Reporter: Agung Hidayat | Editor: Handoyo .
KONTAN.CO.ID - JAKARTA. Wacana kewajiban pasokan dalam negeri (Domestic Market Obligation/DMO) minyak sawit mentah (CPO) mulai bergulir. Setelah dikabarkan Pertamina telah mampu memproduksi Biodiesel 100 atau B100 yang seratus persen bahan baku dari nabati.
Pertamina meminta pemerintah dapat membuat aturan DMO seperti halnya DMO batu bara untuk PLN (Persero). Hal ini guna menjaga keberlangsungan ketersediaan pasokan CPO dengan harga jual yang lebih murah dari harga ekspor.
Baca Juga: Begini tanggapan Mahkota Group (MGRO) soal kebijakan DMO minyak sawit
Menanggapi hal tersebut, Joko Supriyono, Ketua Umum Gabungan Pengusaha Kelapa Sawit Indonesia (GAPKI) menilai keberadaan DMO untuk minyak sawit mentah tidak tepat. "Karena saat ini suplai CPO itu masih melimpah," ujarnya kepada Kontan.co.id, Kamis (16/7).
Lebih lanjut ia bilang, kebijakan DMO hanya efektif apabila suplai dari produksi lokal masih kurang. Sementara saat ini Joko menerangkan produksi CPO di Indonesia mencapai 47 juta ton setiap tahunnya, sedangkan serapan untuk biodiesel cenderung kecil hanya 9,5 juta ton.
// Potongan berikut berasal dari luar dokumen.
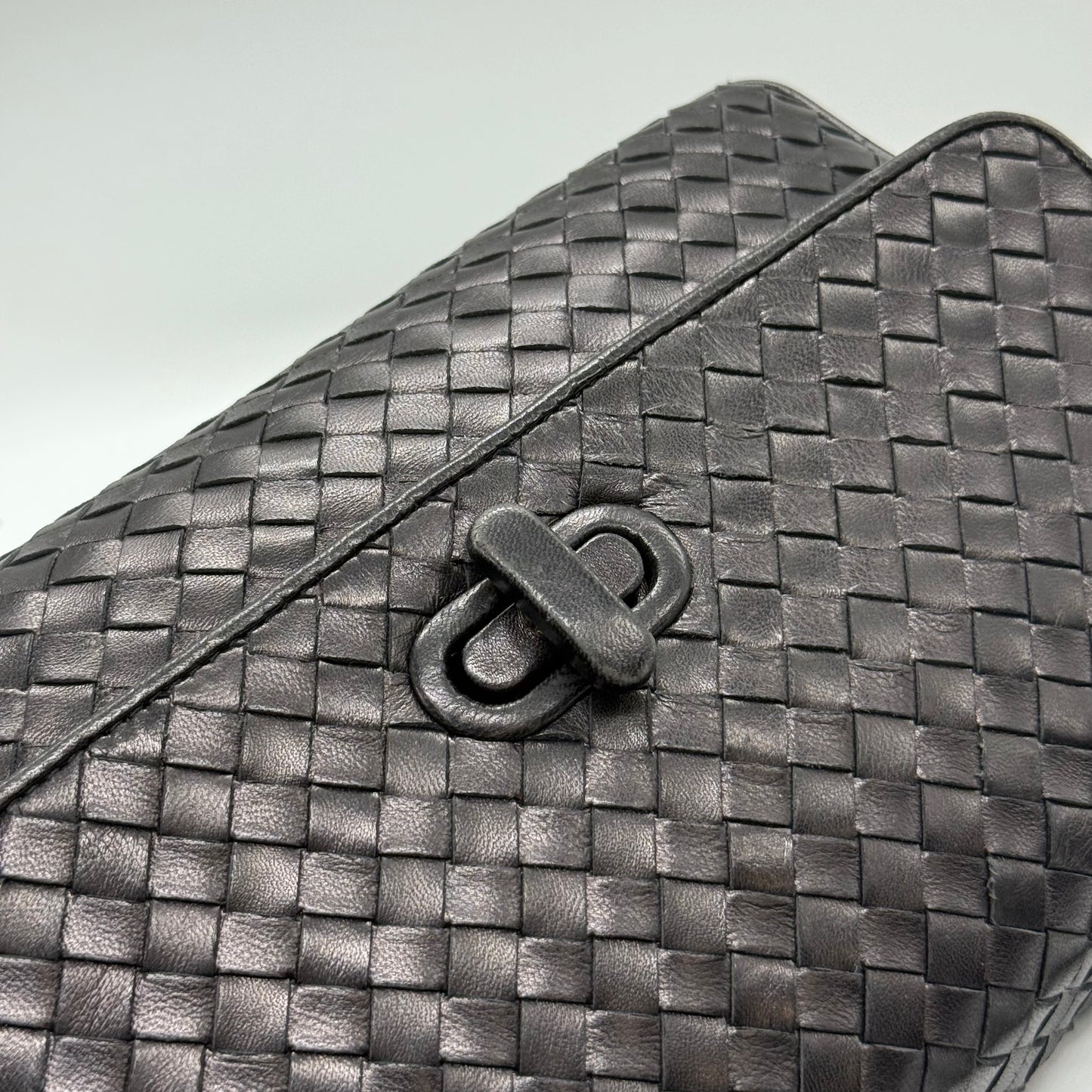 Bottega Veneta Top Handle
Menurut Gapki seandainya B100 langsung diterapkan, tidak serta merta mampu menyerap produksi minyak sawit mentah nasional. Sebab diprediksi produksi CPO di Indonesia dalam lima tahun mendatang juga masih terus meningkat.
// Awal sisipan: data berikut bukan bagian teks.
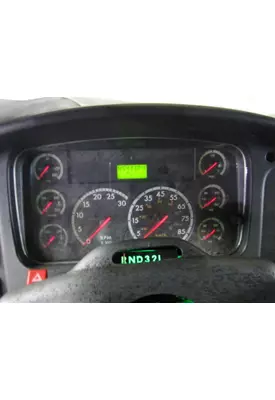 FREIGHTLINER M2 106 GAUGE CLUSTER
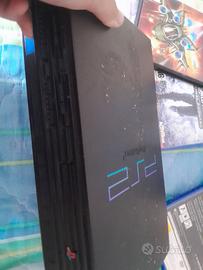 Play station 2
Soal harga yang diyakini akan berbeda dengan harga ketika ekspor, Joko belum dapat memberikan komentar. Sementara itu Ketua Harian Asosiasi Produsen Biofuel Indonesia (Aprobi) Paulus Tjakrawan menilai wacana kebijakan DMO tak boleh terburu-buru, harus ada riset dan perhitungan yang tepat.
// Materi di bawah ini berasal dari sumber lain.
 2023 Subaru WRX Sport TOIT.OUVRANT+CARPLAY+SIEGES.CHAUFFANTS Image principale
"Perlu kajian yang terpadu oleh Pemerintah. Jika dianggap sudah baik kajian nya, bisa dimulai dengan CPO hasil PTPN terlebih dahulu, karena lebih mudah pengaturannya," sebutnya kepada Kontan.co.id, Kamis (16/7).
Baca Juga: Agar produksi bahan bakar 100% sawit jalan terus, Pertamina minta ada DMO Sawit
Sedangkan produsen minyak sawit, PT Sampoerna Agro Tbk (SGRO) menyambut baik gerakan biofuel dari pemerintah. Jika di masa depan sudah akan diterapkan B100, perseroan merasa tak masalah untuk menyuplai kebutuhan tersebut.
Michael Kesuma, Head of Investor Relations SGRO mengatakan kebutuhan CPO tersebut akan semakin meningkatkan permintaan di dalam negeri. Adapun mengenai wacana kewajiban pasokan dalam negeri (DMO), manajemen merasa tak keberatan.
"Jangankan DMO, waktu aturan tarif pungutan ekspor saja kami lakukan. Tujuan utamanya saya lihat selain memproduksi bahan bakar ramah lingkungan, juga dapat memberikan manfaat bagi penyerapan industri," ujarnya kepada Kontan.co.id, Kamis (16/7).
SGRO selama ini diketahui seluruh produksi sawitnya memang menyasar pasar lokal, dan sudah tidak menggarap pasar ekspor. Menurut, Michael keputusan menjual ke pasar lokal ini sudah dijalankan sekitar 10 tahun terakhir.
Soal harga, ada anggapan bahwa harga di tingkat domestik tidak sebaik di pasar global. Menurut Michael perkara harga selalu fluktuatif, ada kalanya di pasar domestik harga lebih baik ketimbang harga ekspor. Jika nanti ada penentuan harga, perusahaan berharap produsen dapat diikutsertakan dalam menegosiasikannya.